(Collected data entries)

>>>>

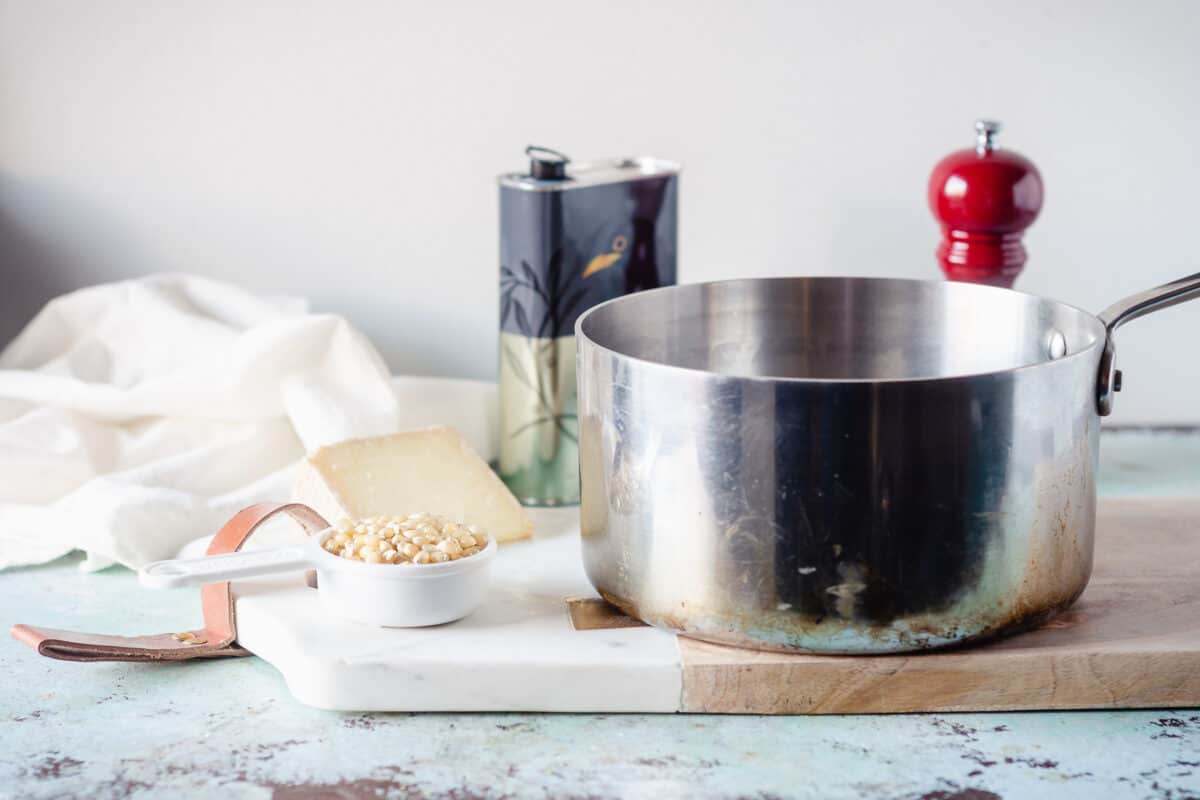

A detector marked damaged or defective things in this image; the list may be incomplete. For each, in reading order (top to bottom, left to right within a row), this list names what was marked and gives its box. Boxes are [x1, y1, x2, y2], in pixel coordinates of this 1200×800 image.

chipped paint on table [2, 431, 1200, 800]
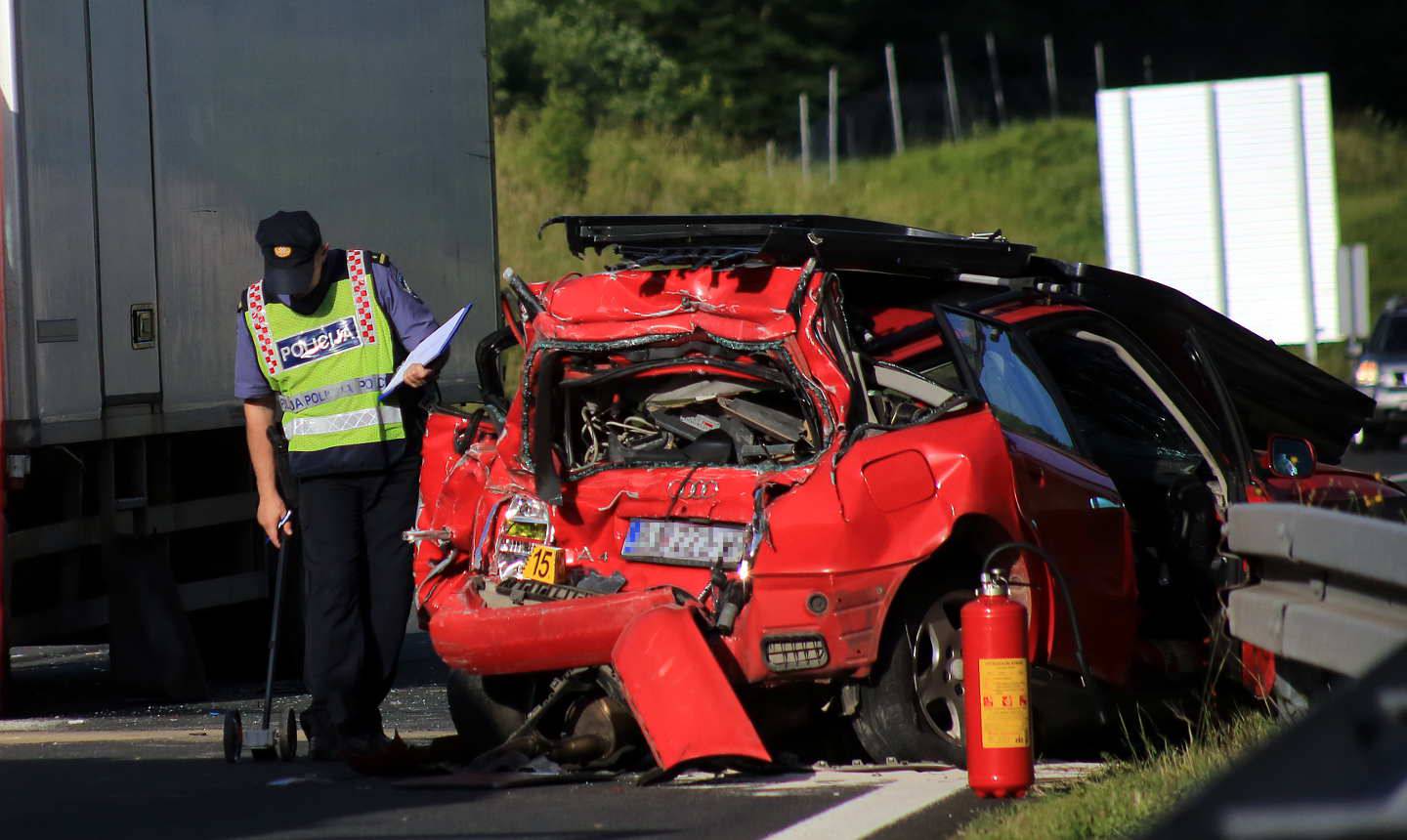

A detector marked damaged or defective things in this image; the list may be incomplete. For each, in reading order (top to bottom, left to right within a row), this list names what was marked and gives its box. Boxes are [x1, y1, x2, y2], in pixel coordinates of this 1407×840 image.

wrecked red car [407, 213, 1395, 765]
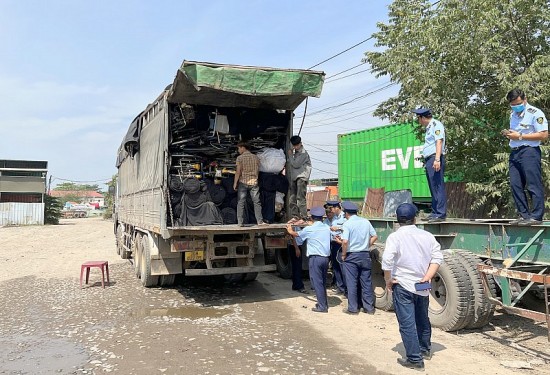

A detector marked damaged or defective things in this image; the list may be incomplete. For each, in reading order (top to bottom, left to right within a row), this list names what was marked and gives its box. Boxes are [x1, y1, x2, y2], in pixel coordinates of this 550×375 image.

rusty metal frame [478, 264, 550, 344]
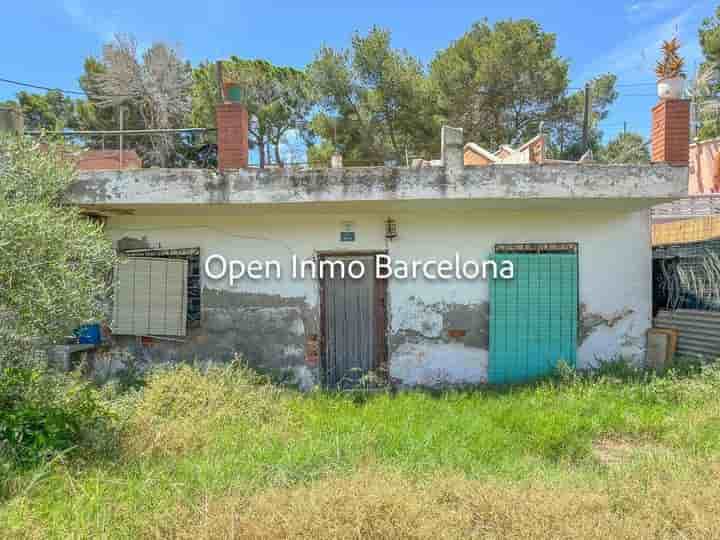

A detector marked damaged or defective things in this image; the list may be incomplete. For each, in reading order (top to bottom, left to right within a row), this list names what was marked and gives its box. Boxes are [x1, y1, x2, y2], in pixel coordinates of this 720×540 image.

rusty metal door frame [320, 251, 388, 390]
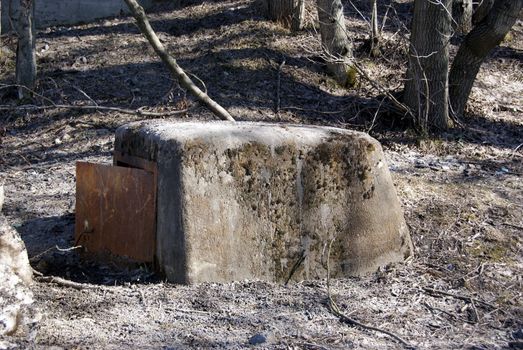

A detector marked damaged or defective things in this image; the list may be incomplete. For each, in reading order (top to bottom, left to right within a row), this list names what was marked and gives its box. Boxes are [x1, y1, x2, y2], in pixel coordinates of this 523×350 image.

rusted door panel [74, 161, 156, 262]
rusty metal door [74, 161, 156, 262]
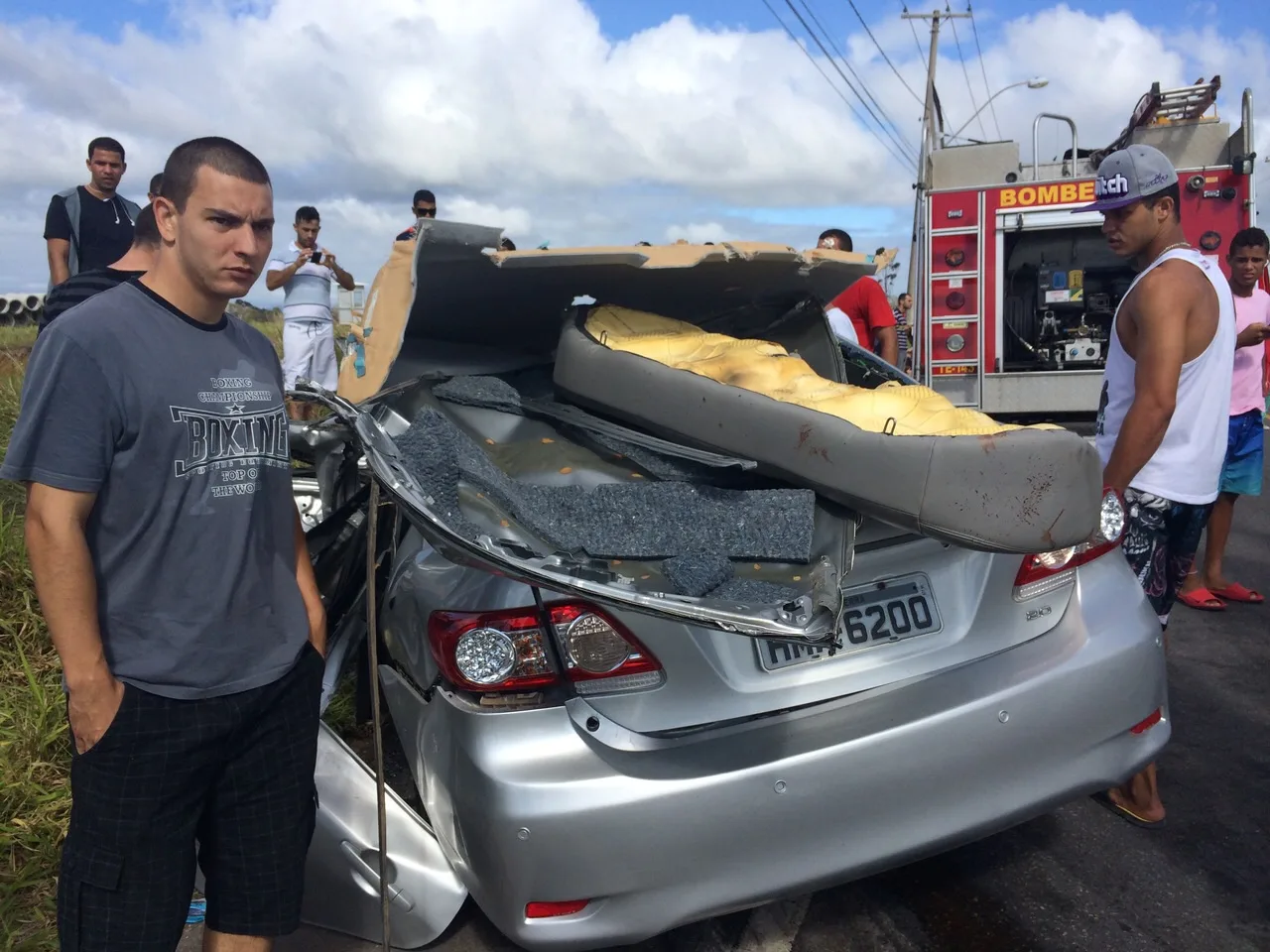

<<<<

> **BRIEF**: Your reply should hold only the lines from the one that contains "this 550×375 image." through the last line of the records above, exact and complete, and no pictures.

> **SOLUTION FOR THIS PROBLEM**:
A detector marked damaged or defective things in this image; the list may be incomplete. For each, in reading order (top to bottom, left to right within a row), this list names what was marked and gives its box. Boxes are [x1, y1, x2, y2], in pixel coordinates of this 550×375 image.

rusty metal frame [478, 264, 550, 344]

A detector marked damaged or defective things in this image; the list may be incomplete. For each, in reading order (top to bottom, left to right within a row), this list names what was marked and gives its box. Boxes are [x1, y1, x2, y2], in pixel coordinates of this 720×540 image.

rusty metal door frame [320, 251, 388, 390]

A detector marked damaged or defective things in this image; the list may be incomplete. For each, in reading order (top to bottom, left to right within a row), this list names what was marked and gives its box. Boxes are [x1, y1, x2, y2], in pixel coordinates of this 523×350 image.

rusted door panel [74, 161, 156, 262]
rusty metal door [74, 161, 156, 262]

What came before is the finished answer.